RECORDS FOR THIS TASK:
= = = = = = =

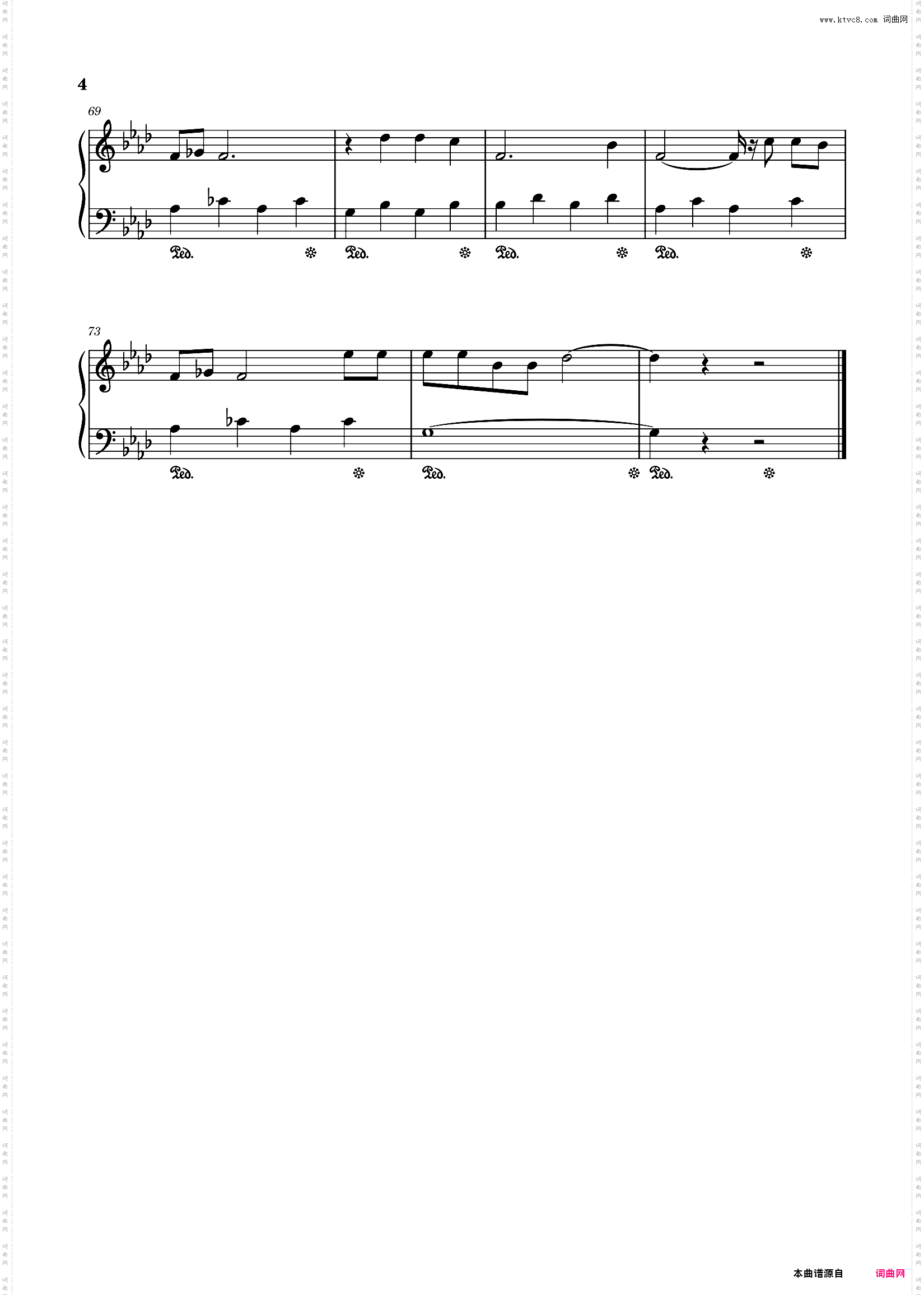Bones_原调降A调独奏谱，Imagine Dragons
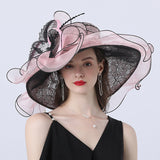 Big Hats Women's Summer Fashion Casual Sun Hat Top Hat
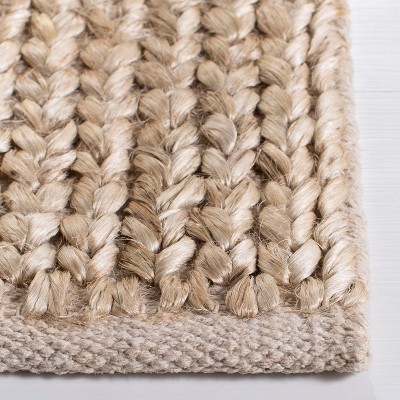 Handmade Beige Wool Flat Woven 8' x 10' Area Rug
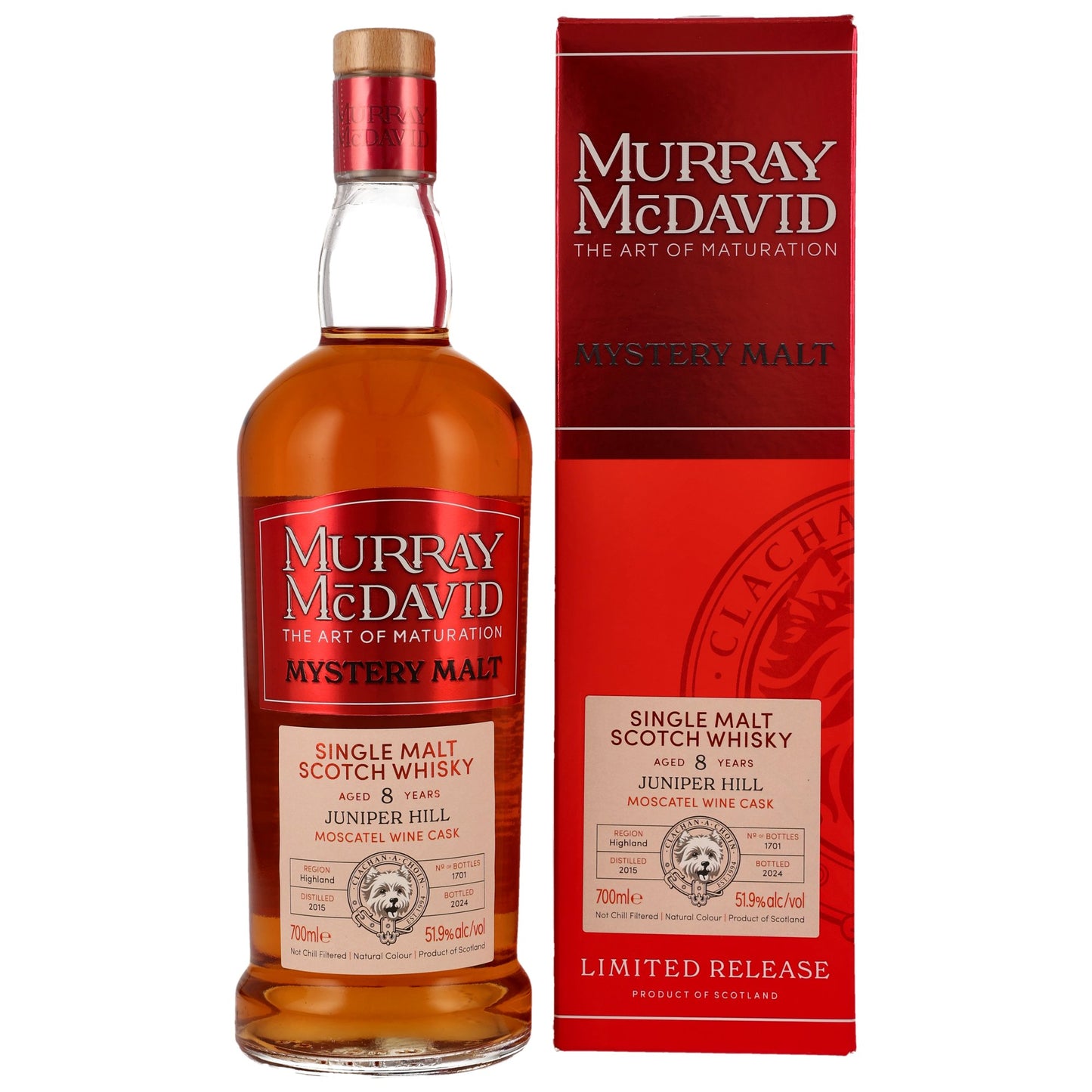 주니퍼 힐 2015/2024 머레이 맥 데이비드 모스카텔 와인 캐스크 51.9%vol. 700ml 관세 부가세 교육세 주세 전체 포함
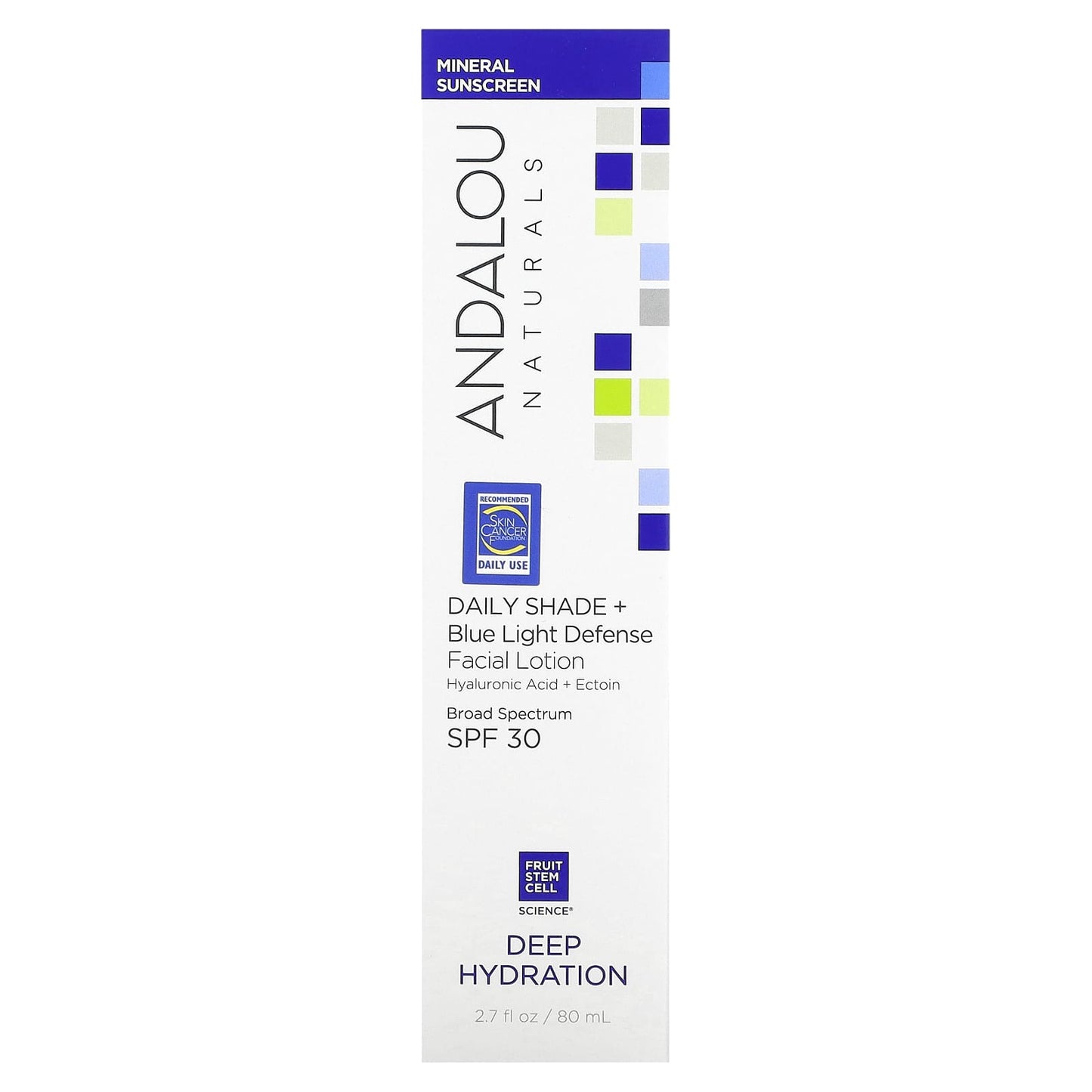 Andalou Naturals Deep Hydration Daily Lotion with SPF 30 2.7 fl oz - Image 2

= = = = = = =

ACTIVITY:
Your task is to transcribe all of the records precisely, with no images included.

TASK SOLUTION:
Bones_原调降A调独奏谱，Imagine Dragons
 Big Hats Women's Summer Fashion Casual Sun Hat Top Hat
 Handmade Beige Wool Flat Woven 8' x 10' Area Rug
 주니퍼 힐 2015/2024 머레이 맥 데이비드 모스카텔 와인 캐스크 51.9%vol. 700ml 관세 부가세 교육세 주세 전체 포함
 Andalou Naturals Deep Hydration Daily Lotion with SPF 30 2.7 fl oz - Image 2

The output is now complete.